■ PROBLEM DETAILS ■
Output the lines of the entries below beginning at the one with "字体设计ppt说课稿ppt讲稿思维导图知识点归纳总结ppt白板课件" and ending with the last, exactly as written and without pictures.

BEGIN MATERIAL FOR THE TASK

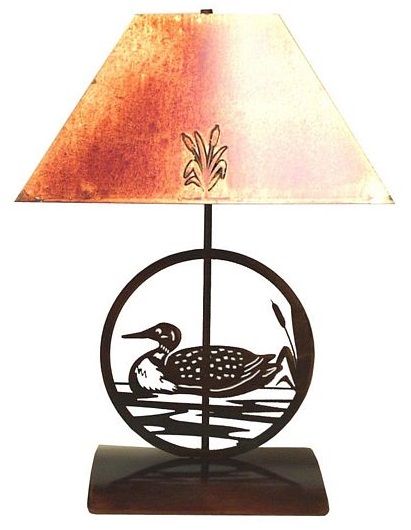 The Trendsetters Rustic Bedside Lamp - Rustic Lighting & Fans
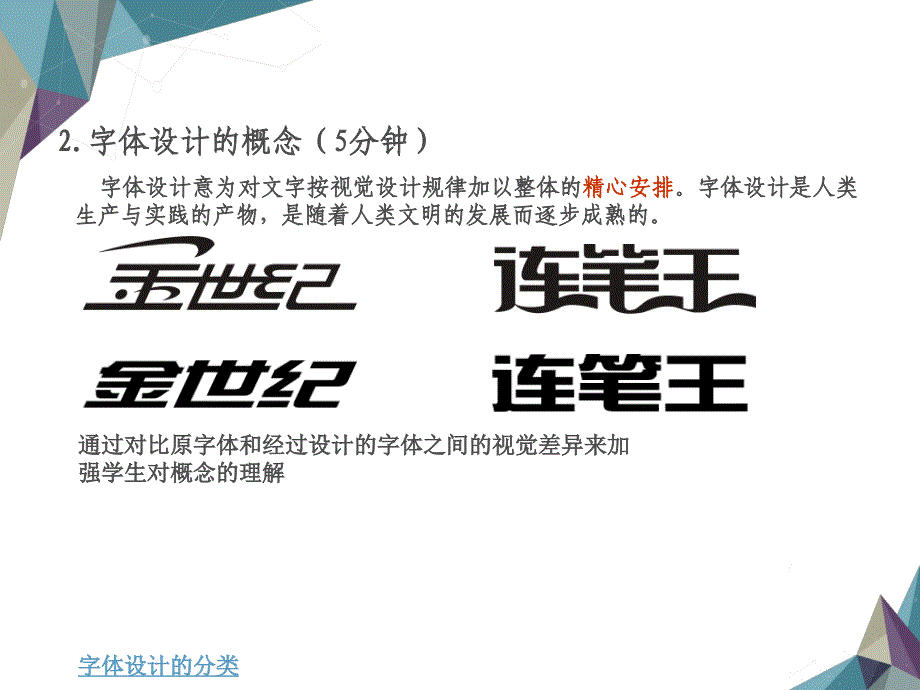 字体设计ppt说课稿ppt讲稿思维导图知识点归纳总结ppt白板课件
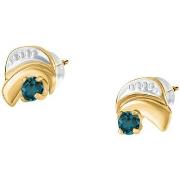 Boucles oreilles Cleor Boucles d'oreilles en or 375/1000 et saphir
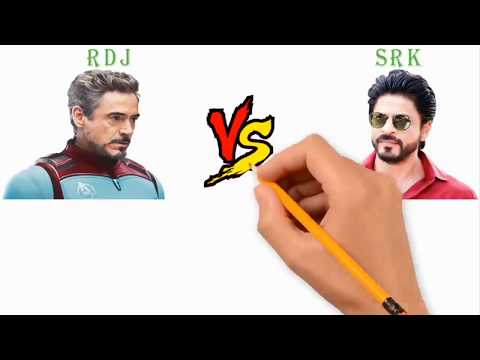 Shah Rukh Khan Vs Robert Downey Jr. (Iron Man) Comparison-Flim World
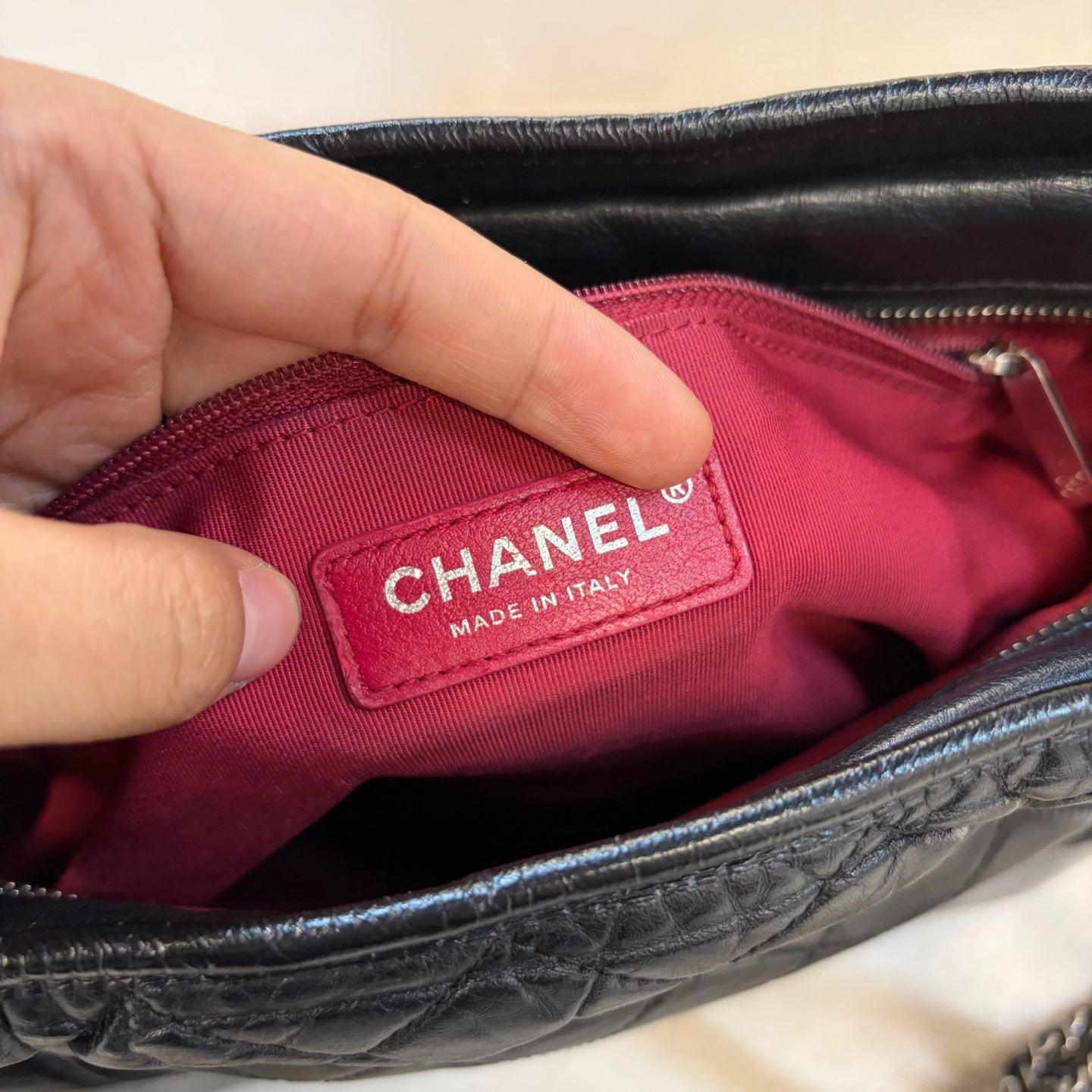 Chanel - Gabrielle - Leather - Black - (medium)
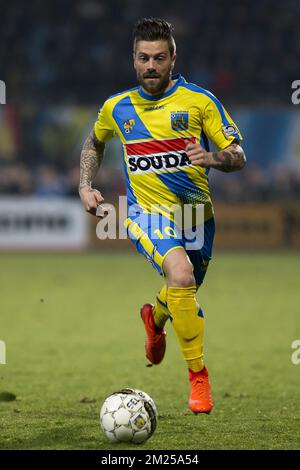 Benjamin 'Benji' De Ceulaer di Westerlo, nella foto, durante la partita di Jupiler Pro League tra KVC Westerlo e Club Brugge, a Westerlo, venerdì 17 febbraio 2017, il giorno 27 del campionato di calcio belga. BELGA FOTO KRISTOF VAN ACCOM Foto Stock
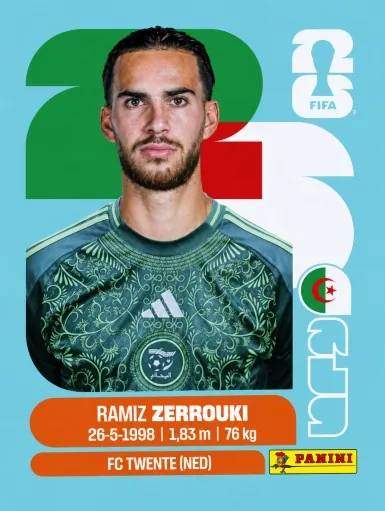 Figurita ALG-11 Ramiz Zerrouki Mundial 2026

END MATERIAL FOR THE TASK

■ ANSWER SECTION ■
 字体设计ppt说课稿ppt讲稿思维导图知识点归纳总结ppt白板课件
 Boucles oreilles Cleor Boucles d'oreilles en or 375/1000 et saphir
 Shah Rukh Khan Vs Robert Downey Jr. (Iron Man) Comparison-Flim World
 Chanel - Gabrielle - Leather - Black - (medium)
 Benjamin 'Benji' De Ceulaer di Westerlo, nella foto, durante la partita di Jupiler Pro League tra KVC Westerlo e Club Brugge, a Westerlo, venerdì 17 febbraio 2017, il giorno 27 del campionato di calcio belga. BELGA FOTO KRISTOF VAN ACCOM Foto Stock
 Figurita ALG-11 Ramiz Zerrouki Mundial 2026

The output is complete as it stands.